Garmin handheld GPS units are very good.
Here is a link so you can compare the different models.
They are not cheap, but if you want a good one...
On 1/10/2013 11:59 AM, David Richardson wrote:
One of the points mentioned in the original post was that the GPS be
capable of deep forest satellite acquisition.I don't know much about iphone
or camera GPS functions but I doubt they would operate accurately in
situations other than clear sky satellite acquisition.That is why a
dedicated GPS unit,and a very good one at that,would be of more use.

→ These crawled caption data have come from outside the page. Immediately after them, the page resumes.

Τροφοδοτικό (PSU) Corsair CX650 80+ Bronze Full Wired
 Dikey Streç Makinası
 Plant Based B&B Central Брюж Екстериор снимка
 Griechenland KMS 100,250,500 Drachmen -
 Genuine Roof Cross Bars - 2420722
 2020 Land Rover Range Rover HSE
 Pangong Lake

perhaps someone on list who has knowledge of this could post a relpy
addressing that point?
On Tue, Oct 1, 2013 at 10:27 AM, Peter Shute <> wrote:
I suspect that the main difference between a phone GPS and a dedicated
one, apart from not using up the battery of your precious communication
device, is accuracy. I'm told I shouldn't expect better than 30m accuracy
from an iphone.
I suspect Google Earth coordinates can be off by that much too, if the
difference between the images of roads and the corresponding linework is
anything to go by.
Sent from my iPad
On 1 Oct 2013, at 9:06 am, "Martin Butterfield" <
If you don't have a mobile phone, my camera (Panasonic TZ40) has a GPS
function which - if activated - includes geocoordinates with images. I
suspect many other mid-range cameras now have this functionality.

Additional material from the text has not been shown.